(re: “Community copes with COVID-19,” March 12)
As we unsettle into the new “normal” of COVID-19, I can’t help but be keenly aware of the yawning gap that a crisis like this makes clear.
SAR, the private day school here in the Bronx that my four children attend, was quickly able to create an online learning environment and an instant support network for the kids and families in quarantine. It took tremendous effort by the school leadership, and we are lucky and grateful that, for example, more than 119,000 learning minutes over 198 classes happened in the high school one day after the shutdown.
Would the New York City public school system be able to do the same thing for its students? It would not. Investments to build resilience into the public school system and our city cannot wait.
Resilience is our ability to withstand what the world throws our way. Science helps us anticipate what’s coming and allows us to create an environment in which we can thrive. But resilience, at least currently, means different things for different communities. Which is why it must always be tied to equity. Otherwise, we are not really resilient at all.
After a crisis, if the place where we land is different based on the neighborhood we live in, our economic level, and/or the color of our skin, then whatever resilience we as a city have put in place is ultimately inadequate and inequitable.
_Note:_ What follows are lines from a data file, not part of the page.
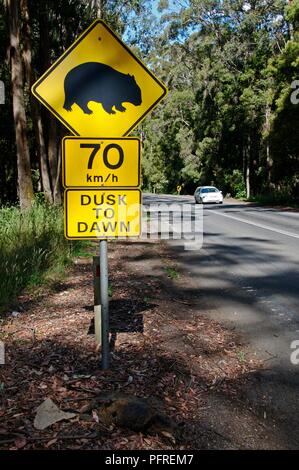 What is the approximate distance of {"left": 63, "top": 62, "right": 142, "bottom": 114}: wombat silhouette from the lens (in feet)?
11.3

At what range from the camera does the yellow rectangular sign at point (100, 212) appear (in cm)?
351

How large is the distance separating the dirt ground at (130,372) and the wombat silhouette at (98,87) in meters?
2.16

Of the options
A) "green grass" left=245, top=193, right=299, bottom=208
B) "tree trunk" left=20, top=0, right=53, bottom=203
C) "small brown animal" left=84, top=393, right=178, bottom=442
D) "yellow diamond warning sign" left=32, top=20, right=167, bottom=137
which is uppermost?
"tree trunk" left=20, top=0, right=53, bottom=203

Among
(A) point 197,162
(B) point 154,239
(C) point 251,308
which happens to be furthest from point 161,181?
(C) point 251,308

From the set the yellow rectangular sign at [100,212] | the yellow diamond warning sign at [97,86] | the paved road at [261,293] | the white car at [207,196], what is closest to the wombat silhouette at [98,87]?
the yellow diamond warning sign at [97,86]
In New York City, there are more than 1 million children in the public school system, and three-quarters of them “rely on schools not only for meals, but also for in-school medical clinics, guidance counselors, laundry machines, and many other services, according to The New York Times.
But all of our kids ultimately need what some of our kids are getting now. Here are six ways that the city needs to close the equity gaps, because it is only by addressing all of these problems at once, holistically, we will be ready for dealing equitably with emergencies like this virus:
• Broadband needs to be widely available, both at home and in all public schools. Kids in quarantine cannot get to the library.
• Technology must be available to all students who don’t have their own, both for regular school use and then for emergency. Parents and communities need to be trained on how to interact with devices to be able to help their children learn.
• Child care for all ages needs to be standard.
• Food insecurity needs to be addressed. For now, healthy, fresh food deliveries need to be provided to families that need it.
• Health care access needs to be local, easy and available.
• Public school teachers’ contracts must allow for instruction to pivot from in-classroom to online, or for any other flexibility, to accommodate an emergent situation, for the benefit of the students.
The fact is that outbreaks like the coronavirus, similar to the climate emergency, unfold in a non-linear way. One minute, we are all healthy. The next minute, we are all infected. Schools close. Markets tank. And life as we know it is completely upended.
One minute, it’s a fall day and the sun is shining. The next day, Manhattan is under water, and the Bronx is in the dark, and Sandy is no longer just a woman’s name.
SAR was the first school in the country to deal directly with COVID-19. But all the students have access to broadband at home. Most of its students have their own devices, and if they don’t, the school has enough to loan. We take it for granted that all students are food-secure, have access to healthy fresh meals, generally have health care as needed, and if someone in the community is lacking, the community will fill in the gaps.
But that’s not what life is like in every neighborhood across the city. And that needs to change now, if not sooner.
The author is a candidate for city council.